Lentivirus production

pMD2.G (Gift from Didier Trono, VSV-G plasmid, Addgene plasmid 12259), pCMV-dR8.2 (Gift from Bob Weinberg, Addgene plasmid 8455) (Stewart et al., 2003), and our target construct was cloned into the pHR backbone. Transgene plasmids were transfected with lipofectamine LTX (Invitrogen 15338-100) into HEK293T cells to generate lentivirus. The media was harvested at 72hr, drawn through a 0.45um filter, and concentrated in LentiX (Takara Biosciences 631232).

Bone marrow derived macrophage production and culture

Male and Female C57BL/6 mice (RRID:IMSR_JAX:000664) between the ages of 6 to 10 weeks were sacrificed by CO2 inhalation. Hips, femurs, tibia, and shoulders were dissected and bone marrow was isolated according to Weischenfelt and Porse (Weischenfeldt & Porse, 2008). Bone marrow cells were differentiated in complete RPMI supplemented with 20% L929-conditioned media for 7 days in a humidified incubator with 5% CO2 at 37C. Fresh BMDM media was applied every 2-3 days. Macrophage progenitors were infected with the lentiviruses Her2 CAR, GFP-CAAX, or mCh-CAAX on day 5 post-harvest. For each experiment, the harvested bone marrow cells were pooled and randomly allocated to the experimental conditions prior to lentiviral infection. Differentiated BMDMs were used for experiments from 710 days.
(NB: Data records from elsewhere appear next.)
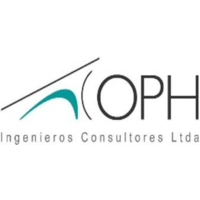 OPH Ingenieros Consultores Ltda. logo, OPH Ingenieros Consultores Ltda. contact details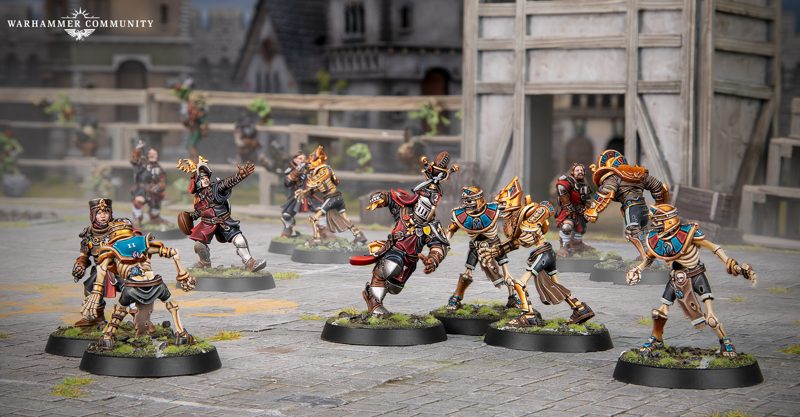 Visuel Games Workshop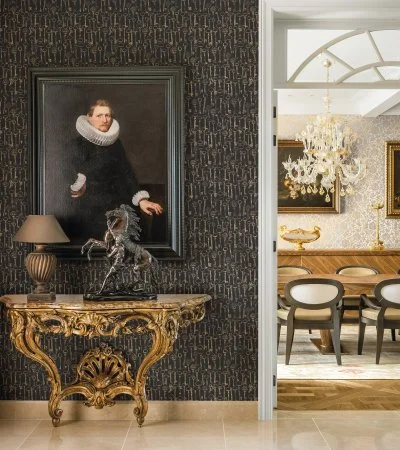 Обои Loymina Gallery Classic GC6, 011 в Санкт-Петербурге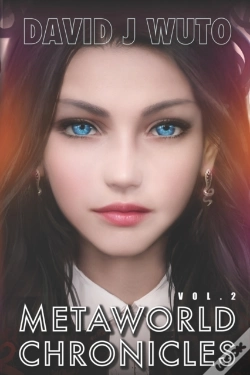 Capa do artigo Metaworld Chronicles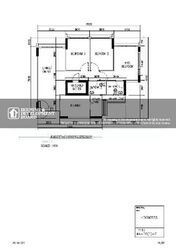 Blk 697A Jurong West Blossom (Jurong West), HDB 4 Rooms #572142561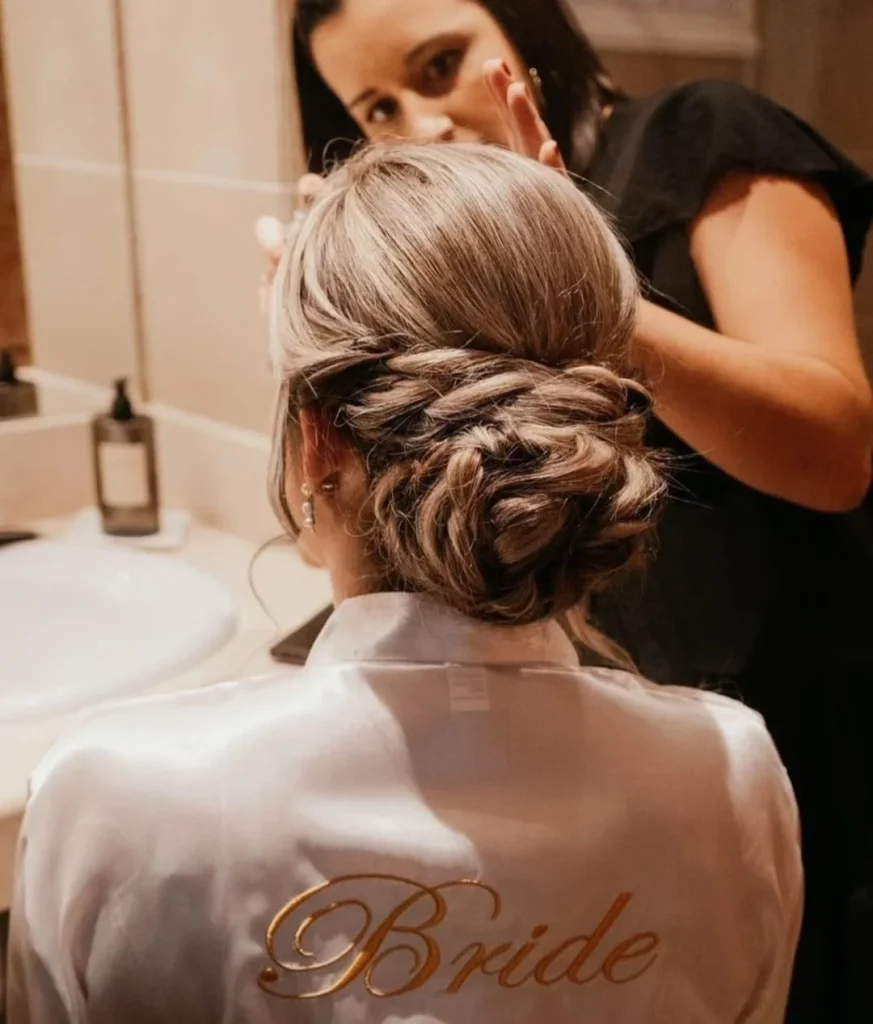 Sarai Velazquez, estilista, peluquera, maquillaje a domicilio en Tenerife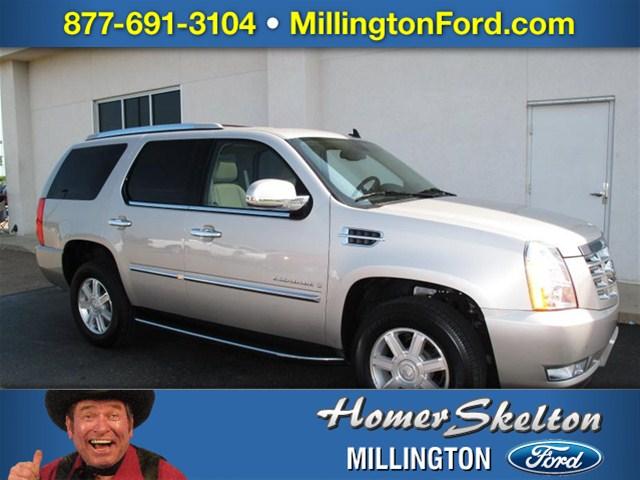 2009 Cadillac Escalade for sale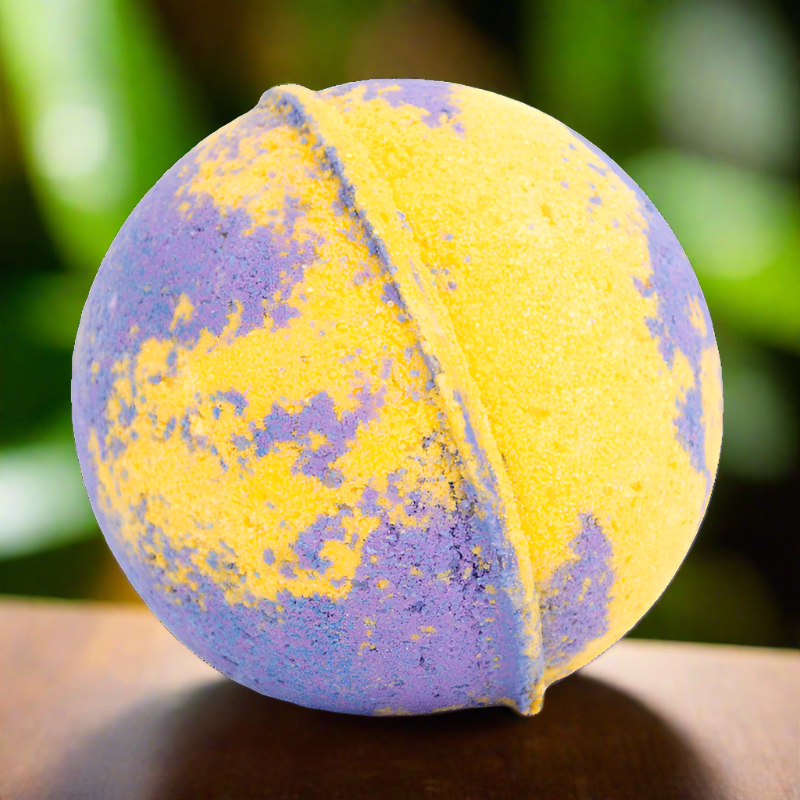 Believe Bath Bomb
Macrophages were included in the study if differentiation >80% stained double positive for CD11b and F4/80 staining. There was no attrition in this study.

Mice were housed in the UCSB Animal Resource Center, an AAALAC-accredited animal facility. Procedures were performed in accordance with Institutional Animal Care and Use Committee (IAUCUC) guidelines and approved protocol (#975).

Spheroid production

Low-adhesion dishes were prepared by coating the wells of a tissue culture treated 96 well plate (Fisher Scientific 087722C) with 1.5% agarose. SKOV3 cells were plated at 8,000 cells per well in normal growth medium supplemented with 2.5% of reconstituted basement membrane (rBM), Matrigel (Corning CB-40230C). Plates were centrifuged at 1000 rpm for 10 min at 4C to aggregate a plane of cells for spheroid formation. Cells were incubated for 72 hours at 37C upon which compact spheroids could be observed.

Methods details

Plasmids

Her2 CAR GFP was constructed in the pHR vector as follows: Signal peptide-(MQSGTHWRVLGLCLLSVGVWGQD) derived from CD3ε; Extracellular- anti-HER2 (4D5-8) scFv (Carter et al., 1992); stalk and TM- aa 138–206 CD8 (Uniprot Q96QR6_HUMAN); R (single arginine insertion from cloning process); cytoplasmic domain (aa 45–86) of the Fc γ-chain UniProtKB - P20491 (FCERG_MOUSE); linker- GSGS; Fluorophore: mGFP.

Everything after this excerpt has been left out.